Daily Briefs

Michigan center accused of honoring patients’ racist demands


ZEELAND, Mich. (AP) — A health care center in western Michigan is accused of agreeing to requests by patients for white-only caregivers.

Six black certified nursing assistants filed a lawsuit April 11 against Providence Healthcare and Rehabilitation Center, where they all work or formerly worked. The Zeeland facility offers memory care, rehabilitation, retirement and assisted living to mostly senior patients.
The CNAs are accusing the center of race discrimination, race harassment and retaliation. They’re seeking compensation for mental anguish, emotional distress and damage to their professional reputation.

“It’s embarrassing and humiliating and it shouldn’t be tolerated,” said Julie Gafkay, an attorney for the women.

The CNAs listed in the lawsuit are Kimberly French, Gloria Reid, Tiesha Branch, Marquita Mills, Providence Ngoh and Valencia Washington.

Providence Life Services spokeswoman Sheila King declined to comment on the allegations due to the litigation but said Providence doesn’t change staff assignments based on race. The center falls under a nonprofit that also has locations in Illinois and Indiana.
The lawsuit alleges some residents said they didn’t want black caregivers, and the facility would grant the requests and put them in the patient’s care plan.
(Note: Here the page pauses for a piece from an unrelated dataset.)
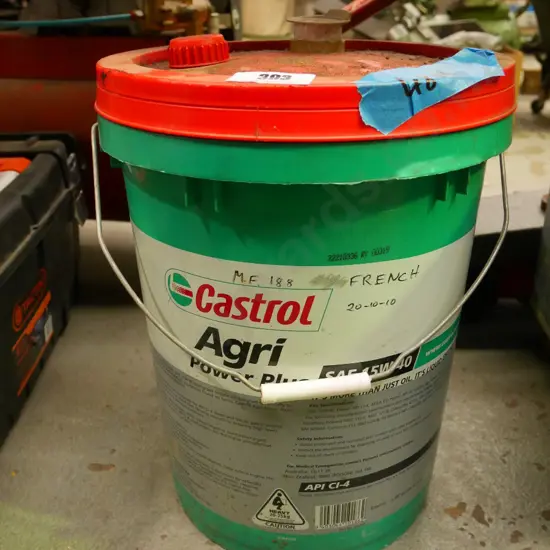part pail of Castrol Agri oil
“When (the CNAs) were assigned to care for said patients, they would be switched with a Caucasian employee, they would be told not to care for the patient,” Gafkay said. “If they cared for the patients, they were called racist names by the patients who believed such requests were permissible because (Providence Healthcare’s) failure to properly address.”
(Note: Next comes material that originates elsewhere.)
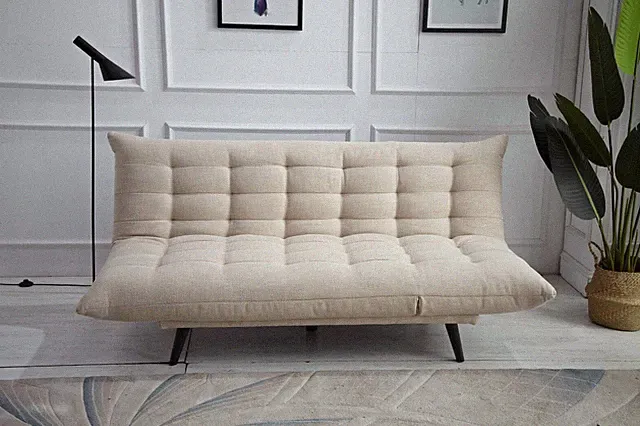 Modern Elegance: Beige Multi-Functional (Lounge) Futon Sofa Bed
Working conditions worsened for the caregivers after making a formal complaint in January against the administrator, according to the lawsuit.

 

ABA releases employment data for graduating law class


Employment data for the graduating law class of 2017 as reported by American Bar Association-approved law schools to the ABA Section on Legal Education and Admissions to the Bar is now publicly available. 
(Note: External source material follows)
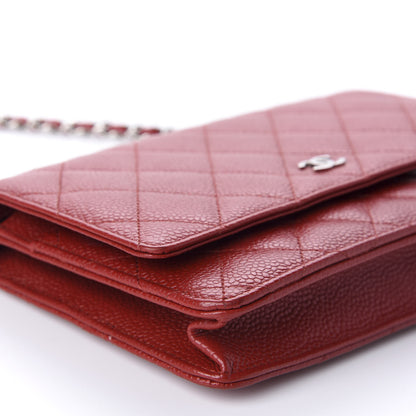 Chanel Caviar Quilted Wallet on Chain WOC Red 7 of 13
The aggregate national data on law graduate employment outcome for the class of 2017 and individual schools’ post-graduate employment figures can be found online. An online table also provides select national side-by-side comparisons between the classes of 2017 and 2016.

The aggregated school data shows that 75.3 percent of the 2017 graduates of the 204 law schools approved by the ABA to offer the J.D. degree were employed in full-time long-term Bar Passage Required or J.D. Advantage jobs roughly 10 months after graduation.
That compares to 72.6 percent of the graduates reporting similar full-time long-term jobs last year. The higher percentage of students so employed, however, results from an approximately 6 percent decrease in the size of the graduating class.

 The actual number of full-time long-term Bar Passage Required or J.D. Advantage jobs decreased by 630, or -2.34 percent year over year, going from 26,923 in 2016 to 26,293 in 2017.